Diaa Ahmedien_The Carbon Farm

The Carbon Farm

Diaa Ahmed Mohamed Ahmedien
[ Egypt ]

The carbon farm is a data-based internet art project that uses a browser-based medium to develop a hyper-responsive canvas. This browser-based experiment is questioning the enforced consumptive behavior of today’s technology. Such behavior escalates the daily rates of the commodification of carbon dioxide and consequently degrades the global ecosystem.

Five plants have been sketched and coded in abstract forms. Each represents five countries (Germany, Egypt, China, Japan, and the USA). The five programmed plants autonomously interact with the surrounding environment and respond to the mouse click. By integrating API data derived from The European Space Agency’s Sentinel5P satellite (built to monitor air quality data like carbon hydroxide, sulfur monoxide, ozone, …), a crafted cloud visualizes the carbon emissions values detected on the atmosphere of the selected countries. According to the data flow referring to the fluctuations in the carbon emission values, the cloud continuously rebuilds its form. Therefore, the more changes the cloud witnesses, the more spontaneous degradation the five programmed floras suffer. Likewise, every pixel of the pixelated background assigns color by a single tone determined by the weather data (Temperature and humidity) integrated into the system using Openweather API data of the same five countries. Pixels’ colors tones are also directly affected by the carbon emissions data. Therefore, the more increase in the carbon emissions values, the more decrease in the saturation of every single pixel.

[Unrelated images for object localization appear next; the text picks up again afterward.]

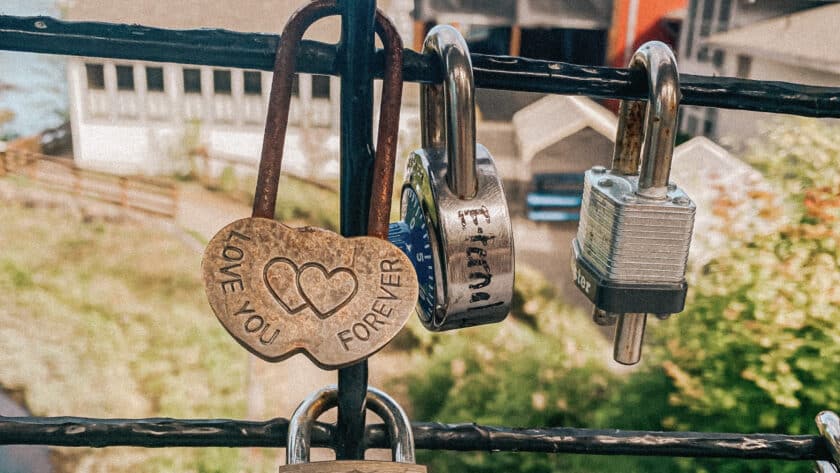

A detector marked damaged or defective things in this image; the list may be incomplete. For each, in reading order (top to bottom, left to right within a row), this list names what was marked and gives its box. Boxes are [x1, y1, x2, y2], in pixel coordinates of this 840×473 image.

rusty copper lock [200, 0, 416, 368]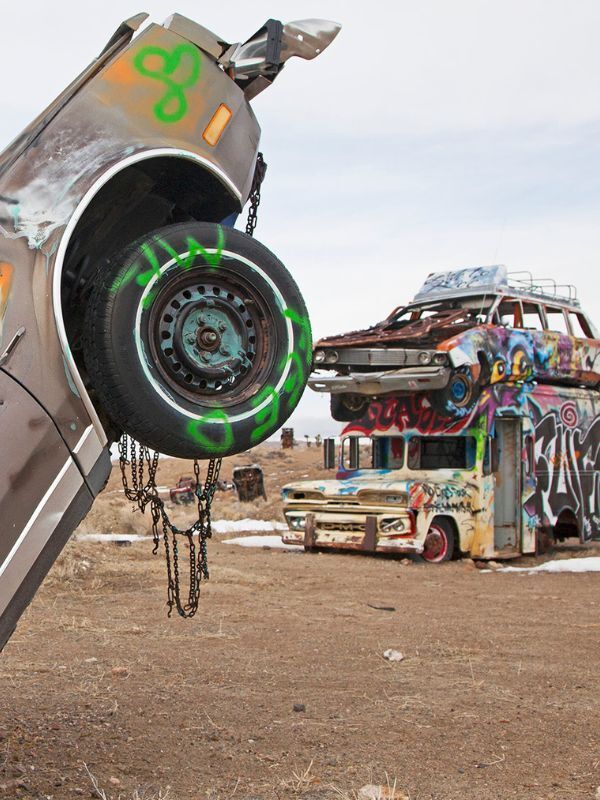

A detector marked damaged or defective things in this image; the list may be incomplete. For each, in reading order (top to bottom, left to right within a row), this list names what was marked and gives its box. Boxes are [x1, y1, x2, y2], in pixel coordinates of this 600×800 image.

rusty car [0, 14, 340, 644]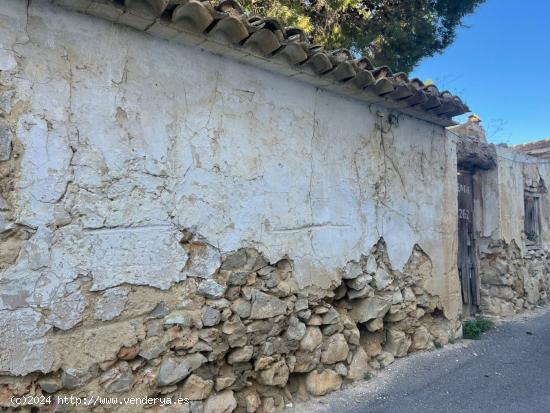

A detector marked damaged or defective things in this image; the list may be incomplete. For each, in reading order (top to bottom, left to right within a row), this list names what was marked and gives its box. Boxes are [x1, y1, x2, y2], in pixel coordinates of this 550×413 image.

cracked plaster wall [0, 0, 462, 378]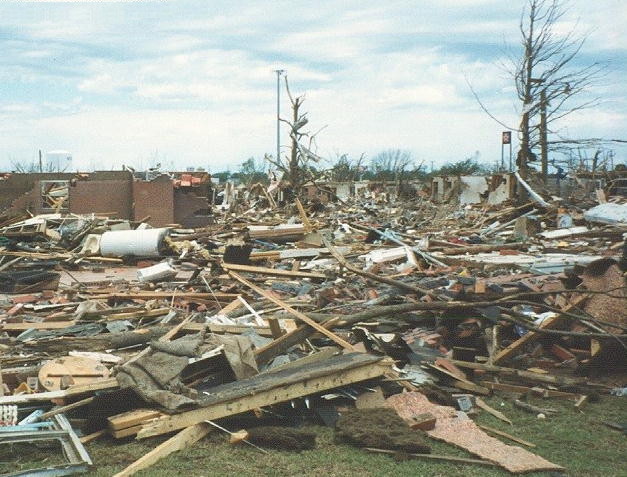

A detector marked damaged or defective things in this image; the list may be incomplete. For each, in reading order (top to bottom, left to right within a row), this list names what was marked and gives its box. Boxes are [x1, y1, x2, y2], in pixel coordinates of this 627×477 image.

splintered wood plank [139, 352, 390, 436]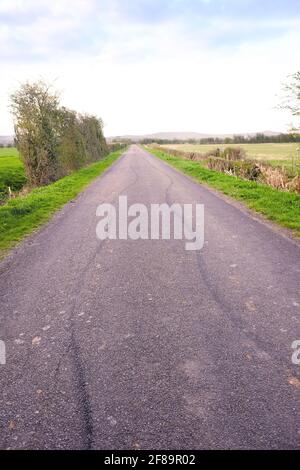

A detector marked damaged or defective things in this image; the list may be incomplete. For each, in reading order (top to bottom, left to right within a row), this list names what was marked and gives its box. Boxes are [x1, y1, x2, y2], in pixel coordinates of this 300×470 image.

cracked road surface [0, 145, 300, 450]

At the bottom, the more increase in carbon emissions values, the more water leak from the five programmed plants roots. Further, according to the integrated API data, the attached detecting counters show the percentage values released when the carbon emissions increase above the natural values.

Once the carbon emissions values accumulate, they dominate the entire system that gradually degrades in turn in its performance, colors, moves, and growth.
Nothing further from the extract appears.